Which is a good thing, in my humblest opinion. When you drive a car like this, you sometimes do not need the attention; you do not want to be labeled a poseur just for driving with the roof down. After a long day at work, sometimes all you need is just the natural air, with the wind blowing in your hair, knowwadimean?

Which is why the new 435i Convertible will go down very well with you, if you second my opinion.

From the front it looks rather unsuspecting - just like the F30 3 Series, another common car in this part of Singapore. Which means driving around, even with the roof down, will not get you any death stares; a CBD dweller myself, I should know, because over the course of my time with the car, I would come to the office early in the morning (to avoid paying hefty ERP charges, of course) and drive home in the evening with the roof down without getting any unwanted attention (although there was one morning I was approached in Golden Shoe Carpark by a gentleman driving an E60 523i who was asking me what seem like five thousand questions about the 435i Convertible and then ending with a, “I think this will be my next car”).

First world issues aside, the 435i has more than enough firepower to get it moving. Under the bonnet lies BMW’s highly utilized but brilliant 3.0-litre, 6-cylinder turbocharged lump and mated to the ZF-supplied 8-speed transmission, pushes out 306 bhp and 400 Nm worth of torque. Zero to hero takes 5.5 seconds — 0.4 seconds slower than the Coupe equivalent due to the additional weight from the foldable roof and mechanism, but still good enough to see off deep-pocketed boyracers in their European hatchbacks.

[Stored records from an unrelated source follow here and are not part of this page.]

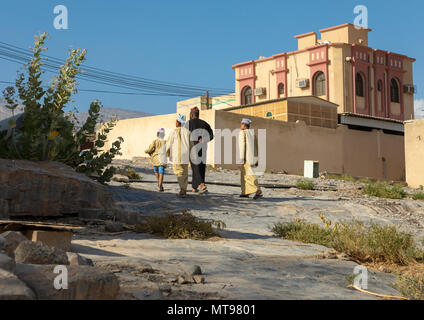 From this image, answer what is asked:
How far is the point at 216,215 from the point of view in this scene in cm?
774

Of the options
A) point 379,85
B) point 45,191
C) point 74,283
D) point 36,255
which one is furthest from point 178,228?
point 379,85

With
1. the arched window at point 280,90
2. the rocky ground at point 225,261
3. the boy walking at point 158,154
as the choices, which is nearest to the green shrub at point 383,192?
the rocky ground at point 225,261

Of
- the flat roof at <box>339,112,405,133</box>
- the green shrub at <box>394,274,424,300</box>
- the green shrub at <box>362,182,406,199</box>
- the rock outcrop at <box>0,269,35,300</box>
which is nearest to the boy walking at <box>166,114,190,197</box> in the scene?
the green shrub at <box>362,182,406,199</box>

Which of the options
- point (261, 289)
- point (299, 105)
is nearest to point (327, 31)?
point (299, 105)

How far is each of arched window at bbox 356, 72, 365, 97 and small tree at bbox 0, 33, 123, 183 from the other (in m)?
27.5

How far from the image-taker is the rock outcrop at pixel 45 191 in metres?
5.54

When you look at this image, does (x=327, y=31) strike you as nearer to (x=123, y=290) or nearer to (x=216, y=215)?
(x=216, y=215)

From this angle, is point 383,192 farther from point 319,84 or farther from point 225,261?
point 319,84

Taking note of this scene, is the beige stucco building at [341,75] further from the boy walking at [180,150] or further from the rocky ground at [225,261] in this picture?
the rocky ground at [225,261]

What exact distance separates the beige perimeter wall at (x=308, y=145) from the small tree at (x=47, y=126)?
43.9ft

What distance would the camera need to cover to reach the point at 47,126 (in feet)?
24.0

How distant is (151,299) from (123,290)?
0.21 m

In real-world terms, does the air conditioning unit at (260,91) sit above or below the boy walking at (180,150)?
above

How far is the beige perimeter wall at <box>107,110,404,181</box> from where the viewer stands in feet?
77.5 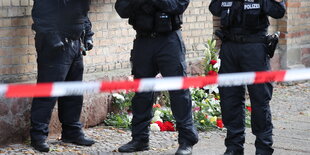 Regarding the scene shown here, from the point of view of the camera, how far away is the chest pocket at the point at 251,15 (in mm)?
5285

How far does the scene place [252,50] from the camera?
17.5 feet

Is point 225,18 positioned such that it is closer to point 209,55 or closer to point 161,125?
point 161,125

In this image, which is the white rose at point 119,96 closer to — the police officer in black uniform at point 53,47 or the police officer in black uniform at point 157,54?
the police officer in black uniform at point 53,47

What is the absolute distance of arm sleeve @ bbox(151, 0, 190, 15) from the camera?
5520 millimetres

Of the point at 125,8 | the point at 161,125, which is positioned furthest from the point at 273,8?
the point at 161,125

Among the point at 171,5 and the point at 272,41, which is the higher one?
the point at 171,5

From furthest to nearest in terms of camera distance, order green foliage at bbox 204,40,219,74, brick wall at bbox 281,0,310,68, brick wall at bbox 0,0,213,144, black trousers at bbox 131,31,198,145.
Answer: brick wall at bbox 281,0,310,68
green foliage at bbox 204,40,219,74
brick wall at bbox 0,0,213,144
black trousers at bbox 131,31,198,145

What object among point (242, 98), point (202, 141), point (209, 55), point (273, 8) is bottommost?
point (202, 141)

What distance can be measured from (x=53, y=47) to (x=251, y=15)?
6.18 feet

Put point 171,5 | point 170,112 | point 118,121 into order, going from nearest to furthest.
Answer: point 171,5 < point 118,121 < point 170,112

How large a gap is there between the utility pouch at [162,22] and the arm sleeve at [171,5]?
48 mm

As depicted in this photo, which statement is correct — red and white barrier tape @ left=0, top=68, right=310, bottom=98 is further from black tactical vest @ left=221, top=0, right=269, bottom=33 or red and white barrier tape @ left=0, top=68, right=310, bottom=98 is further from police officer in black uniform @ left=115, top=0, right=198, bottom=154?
black tactical vest @ left=221, top=0, right=269, bottom=33

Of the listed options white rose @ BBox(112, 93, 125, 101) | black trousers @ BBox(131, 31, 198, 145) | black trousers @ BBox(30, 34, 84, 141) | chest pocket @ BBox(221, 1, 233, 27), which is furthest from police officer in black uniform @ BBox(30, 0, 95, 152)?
chest pocket @ BBox(221, 1, 233, 27)

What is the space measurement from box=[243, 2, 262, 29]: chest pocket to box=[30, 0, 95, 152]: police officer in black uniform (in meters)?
1.67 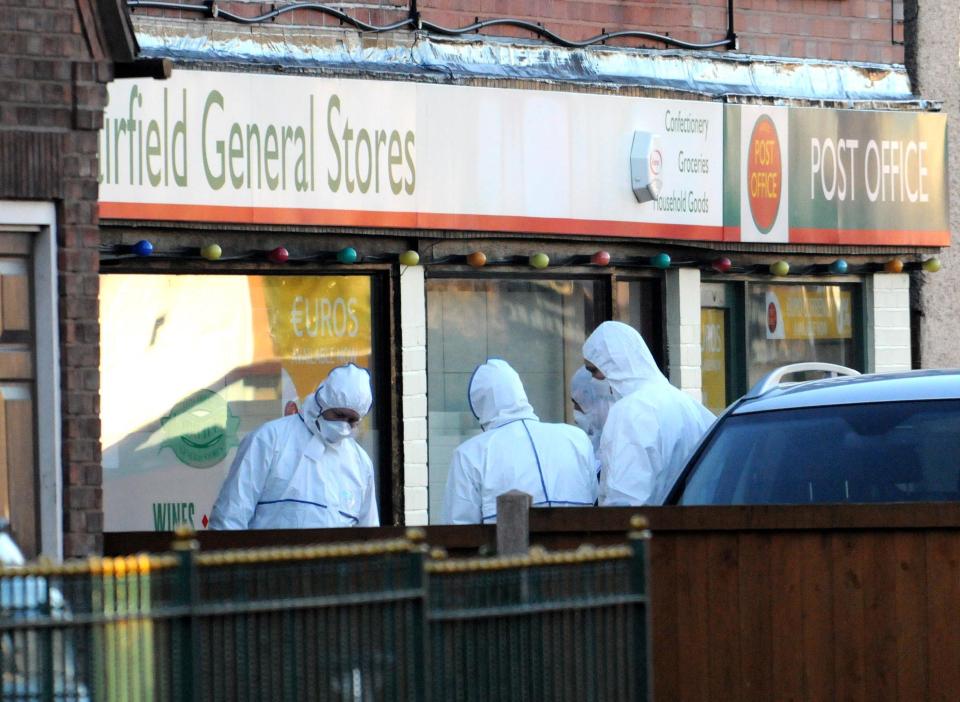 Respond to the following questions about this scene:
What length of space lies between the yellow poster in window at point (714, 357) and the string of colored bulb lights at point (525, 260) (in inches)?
14.1

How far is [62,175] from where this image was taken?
7.27 meters

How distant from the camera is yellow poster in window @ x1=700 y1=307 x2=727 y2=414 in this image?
1398cm

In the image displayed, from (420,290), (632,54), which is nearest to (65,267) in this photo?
(420,290)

Gaps in traffic are quickly closed and you can easily dart from one lane to another when the road opens up. It even covers ground very fast and effectively, reaching three-figure speeds out on the expressway without a hiccup — to give you an idea of how fast this thing is, one moment I was leaving the MCE and the next, I was already tucking myself into bed (ok, so I was exaggerating but you get the idea).

The steering is well weighted and you do get full control in your palm. It’s a rear-wheel drive, and the car is firmly planted even when driving roof down, particularly in Sport mode. You can even play around with the car, judging by how BMW still stuck on to the traditional handbrake with a lever rather than utilizing a pretentious electronic one. Yes, you can still play hooligan and oversteer it around when the sudden urge to impress (yourself) arises. On another note, it does not feel as trusty to throw hard around corners as the Coupe, again, largely due to the extra metal it is lugging around; but then for its class, the part-time coupe/ part-time topless 435i still performs better than average.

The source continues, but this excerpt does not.